2001. Case1 DNR order
Mrs. A is a 58 years old lady.
She is suffering from breast cancer 4 years ago and now in the terminal stage with multiple bone metastasis. Her condition now is stable by antineoplastic drug which is given to her in periodical hospitalization, and the pain control by morphine etc.
It was told that radical cure medical treatment is impossible to the patient, so owing to the patient's hope the DNR (Do Not Resuscitate) orders was written "If the patient is suffering from cardiac or respiratory arrest, the CPR is not done".
However, she is now suffering from severe streptococcal pneumonia perhaps owing to leukocyte reduction by the side effects of an antineoplastic drug. The medical team think streptococcus pneumonia should be treated by an antibiotic drug, using a respirator since the blood gas also got worse suddenly.
The patient became unconsciousness owing to low oxygen state.
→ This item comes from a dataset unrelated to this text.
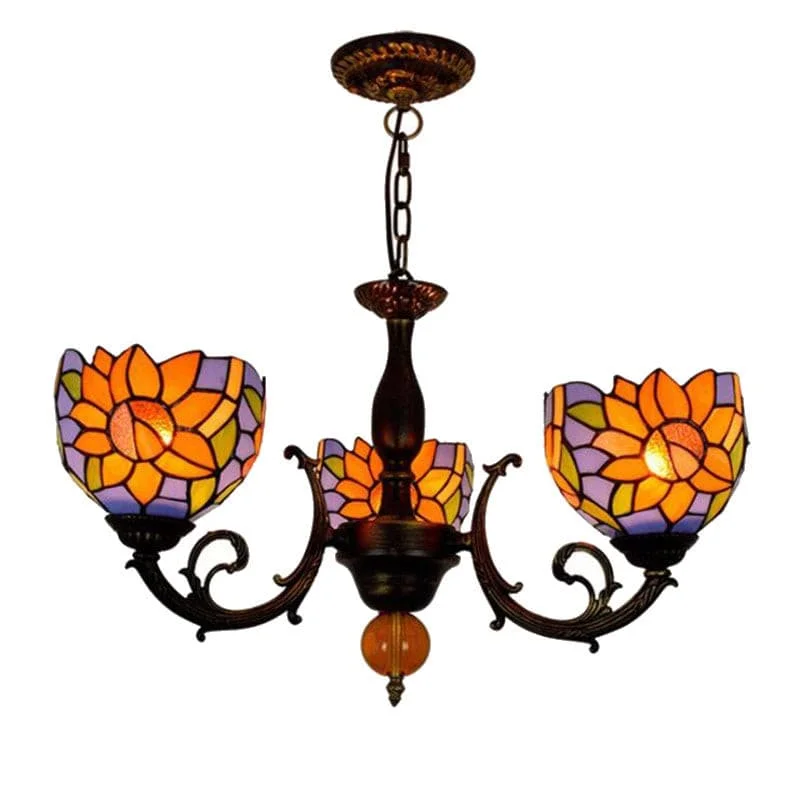 Chandeliers with Metal Frames in Copper FinishChandeliers with Metal Frames in Copper FinishTiffany Style Chandelier Three Arms Antique Design Stained Glass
And it is hard to check of her intention to use the respirator.
So her family members, two daughters in twenties, (her husband has passed away by the lung cancer two years ago) were called to come to the hospital and make the proxy consent. They say that they want to respect mother's hope as much as possible, but if it the medical treatment which may make condition improve, they want to use the respirator.
Now, what should the doctor in charge to do?
1) Is this situation DNR order (orders not to resuscitate) is indicated?
2) In Japan, once the respirator stated, it is hard to withdraw the respirator if the situation is deteriorated. I think it is owing to the fear of the doctors to be sued they let the patient die.
In the american textbook of bioethics "withhold" and "withdraw" the respirator is the same thing. Is it the global standard all over the world.
First, I think that from a US point of view, one could characterize this
case as the physician having simultaneously agreed and not agreed to respect
the patient's wishes for the DNR status. I say this because one could have
easily anticipated this outcome. What, after all, do terminal cancer
patients die of? Pneumonia is the expected and one might even say "normal"
way that many such patients will eventually die. This woman has asked to be
allowed to die without having her dying process prolonged by certain types
of medical interventions. The physician agreed to the DNR order, but what
happened later illustrated the fact that the physician really did not agree
with the concept or the fundamental idea that underlies the DNR order. So
there is a sense in which the DNR order was fraudulent. It would have been
more honest for the physician to say to the woman, "Unfortunately, our
Japanese system of medical care believes that if you are in a hospital, and
we think we can correct what is wrong with you, we must try to do this, and
so I cannot promise not to put you on a ventilator."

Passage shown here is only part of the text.